Wow, it looks amazing. When I have some more time and money, I will have to do one of these! Looking to get some ghosts soon as well.


----------



## Ocelotbren (Aug 23, 2017)

Looks awesome, well done!  I'm sure they'll love it.


----------



## Silent Running (Sep 14, 2017)

That looks beautiful! Any updates? Is that locally sourced moss on the back wall?


----------



## SpaceWolf (Sep 14, 2017)

I'm taking a picture everyday right now, this is the one from today. As you can see the plant in the left corner has grown quite a lot, it has also made a lot of new roots in the moss, so progress is really clear. The orchid also grows really well, and you can literally follow the growth day by day, I can put all the photos on here if you are interested. I'm surprised the soil is treating the orchid so well, she's really thriving in it. The moss is picked from a forest in my backyard. I used to pick moss by the side of the road, but when I applied it to the terra, it was way too big, so I went looking for different kinds. This moss was found at the roots of trees, it's very tiny with small roots, applied to the back with needles. I hope they start rooting in a few months so it can eventually grow on its own. On the ground and in the moss on the back, you may see small plants growing, those are mimosa pudica or the sensitive plant, which moves its leaves when touched, it brings no harm to the insects. It's a defensive mechanism when animals eat at it, so they are scared by the movement and eat something else. I hope that it grows larger, but I have found that it grows much quicker in actual ground rather than in this soil. It's really amazing to see how everything lives inside this glass box. I also never remove any leftovers or dead plant material, my cleanup crew consisting of isopods and springtails take care of any rotten material or possible moldy situations.


----------



## Connor (Sep 14, 2017)

Wow it's looking better than ever. Still can't get over how amazing it is! That moss is really growing in. 

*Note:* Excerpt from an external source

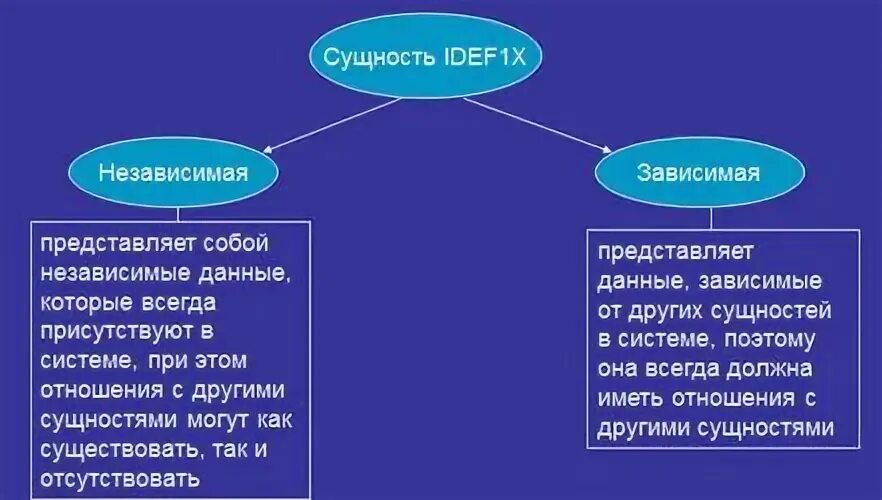 Дочерние сущности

Any updates on the missing ghost?

and if you would mind answering, what do you use to upload pics? They are very high quality.


----------



## SpaceWolf (Sep 15, 2017)

Yeah, the top moss is growing yellow though, I've been thinking of putting aluminium foil over the top part so the light doesn't touch it.  The other missing ghost still hasn't returned, I think she might be dead. And it's actually shot with my cell phone, a Huawei P9 lite, the little thing indeed has some good photo quality


----------



## Connor (Sep 15, 2017)

SpaceWolf said:


> Yeah, the top moss is growing yellow though, I've been thinking of putting aluminium foil over the top part so the light doesn't touch it.  The other missing ghost still hasn't returned, I think she might be dead. And it's actually shot with my cell phone, a Huawei P9 lite, the little thing indeed has some good photo quality


That's some great quality. Are you able to just upload pics from your phone to the forum?


----------



## SpaceWolf (Sep 15, 2017)

I send them to my own profile through facebook, then download them and upload them here again


----------



## Connor (Sep 15, 2017)

Oh ok, I'll have to give that a shot, thanks


----------



## Silent Running (Sep 15, 2017)

Looks fantastic! Nice new leaf on the orchid! Is something nibbling the bottom leaf? Do you find that the hygrolon is maintaining adequate moisture all the way to the top?


----------



## SpaceWolf (Sep 15, 2017)

Thank you! ^^ and in the beginning I put some beetles in there too, but as soon as I saw the damage on the leaf, I took them out at once. And yeah the hygrolon is quite nice, as far as I see there is moisture everywhere. I'm keeping a rather dry period right now because it got a bit too wet and I don't want to risk mold in my terra. I had it in my first and once it starts, it's hard to keep it out.


----------